Дело в том, что я снял с работы актера, который исполнял главную роль. Именно он по сценарию оставался в живых, именно он проводил все важнейшие эпизоды. Но картину мы снимали в исключительно тяжелых условиях: в пустыне, в невыносимую жару, в песках – и в результате далеко не все члены съемочной группы выдержали нелегкое испытание. Не выдержал его и актер, исполнявший главную роль. Не то чтобы он заболел, просто с ним стало очень трудно работать, и я для примера остальным снял его с роли и отправил в Москву, а роль его спокойно разделил между двумя другими актерами. Никто этого не замечает, настолько, по существу, мало разнятся характеры в картине.
Я не хочу называть фамилию этого актера, это очень хороший актер и хороший человек, может быть, я сам был виноват в том, что случилось, – сейчас, вероятно, я так не поступил бы. Но в те времена, в молодости, я был режиссером-диктатором, и раз приняв решение, уже не отступал от него.
Как бы то ни было, в картине осталось двенадцать человек, и я сохранил название только потому, что слово «тринадцать» эффектнее, чем слово «двенадцать».
Кстати сказать, не только актеры с трудом выдерживали пустынное пекло. Нас выехало из Москвы чуть ли не пятьдесят человек, а к концу съемки осталось меньше половины: кто заболел, кто просто не в силах был работать. Из моих двух ассистентов остался один; из двух помощников – ни одного; из шести или семи членов операторской группы осталось только два человека; всю звуковую группу пришлось отпустить в Москву, обойтись без звука. Даже фотографа мы отправили.
И вот в этих-то условиях снимались мои киноактеры. Иногда мне было до слез жалко их. Мне самому было нелегко, но ведь я ходил в белых брюках, в белой рубашке и в английском пробковом колонизаторском шлеме. (Кстати, это чудесная штука. Шлем не сидит плотно на голове, внутри у него специальное кольцо, которое удерживает его на некотором расстоянии от головы, а в верхней части шлема проделаны дырки. Поэтому под шлемом вокруг головы все время гуляет ветер, волосы под шлемом встают дыбом, голове делается относительно прохладно.) А вот актеры ходили в брюках, гимнастерках, сапогах, в полном красноармейском облачении. Они играли на натуре темпераментные сцены, бегали по сыпучему песку, в котором ноги увязают по щиколотку, боролись, дрались, швыряли друг друга.
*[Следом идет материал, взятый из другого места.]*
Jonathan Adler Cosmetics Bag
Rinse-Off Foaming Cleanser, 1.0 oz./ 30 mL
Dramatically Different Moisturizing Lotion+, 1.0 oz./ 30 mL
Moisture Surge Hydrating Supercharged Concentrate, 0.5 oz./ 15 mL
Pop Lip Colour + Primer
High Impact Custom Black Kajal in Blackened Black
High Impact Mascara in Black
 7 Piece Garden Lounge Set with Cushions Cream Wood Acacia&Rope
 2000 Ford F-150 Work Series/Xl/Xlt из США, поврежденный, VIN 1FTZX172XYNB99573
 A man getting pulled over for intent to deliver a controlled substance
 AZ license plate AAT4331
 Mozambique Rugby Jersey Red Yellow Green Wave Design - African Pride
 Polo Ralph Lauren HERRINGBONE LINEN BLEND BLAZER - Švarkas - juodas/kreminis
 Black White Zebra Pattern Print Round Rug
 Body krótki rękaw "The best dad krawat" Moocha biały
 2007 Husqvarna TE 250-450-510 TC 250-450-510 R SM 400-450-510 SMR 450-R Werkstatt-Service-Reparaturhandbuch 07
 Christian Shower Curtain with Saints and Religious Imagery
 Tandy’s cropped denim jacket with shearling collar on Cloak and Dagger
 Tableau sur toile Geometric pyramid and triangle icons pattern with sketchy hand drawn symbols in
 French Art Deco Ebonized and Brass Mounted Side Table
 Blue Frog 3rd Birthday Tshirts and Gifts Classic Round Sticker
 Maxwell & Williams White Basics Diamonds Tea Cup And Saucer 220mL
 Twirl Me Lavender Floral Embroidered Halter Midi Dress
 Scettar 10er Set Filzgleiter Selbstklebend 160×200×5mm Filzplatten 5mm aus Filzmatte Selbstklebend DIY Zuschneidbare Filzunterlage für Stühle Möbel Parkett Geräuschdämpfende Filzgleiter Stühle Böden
На них был направлен дополнительный свет. Либо пленка была малочувствительной, либо прямой солнечный свет был недостаточно выразительным, но актеров подсвечивали еще зеркалами; каждого актера, кроме слепящего солнца, жгли еще два-три зеркала, а он иной раз по полчаса лежал в нужной мне по кадру позе, лежал на этой пустынной сковородке, припекаемый сверху солнцем и зеркалами, лежал, пока мы репетировали кадр, лежал, пока оператор устанавливал свет, лежал, пока заряжалась камера.
Как же происходили съемки? Мы начинали съемку рано утром и прекращали ее в 11 часов. К этому времени солнце поднималось отвесно над головой, тень у ног сжималась в маленькое пятнышко. От верхнего света под глазами появлялись провалы, снимать было уже нельзя. Мы делали перерыв до половины третьего. В половине третьего раздавался звук трубы – это нас снова созывали на съемку. И снова брели актеры на съемочную площадку. Один раз я видел, как двое из них плакали. Это были взрослые, серьезные, здоровые мужики, но они плакали как дети, настолько им было трудно.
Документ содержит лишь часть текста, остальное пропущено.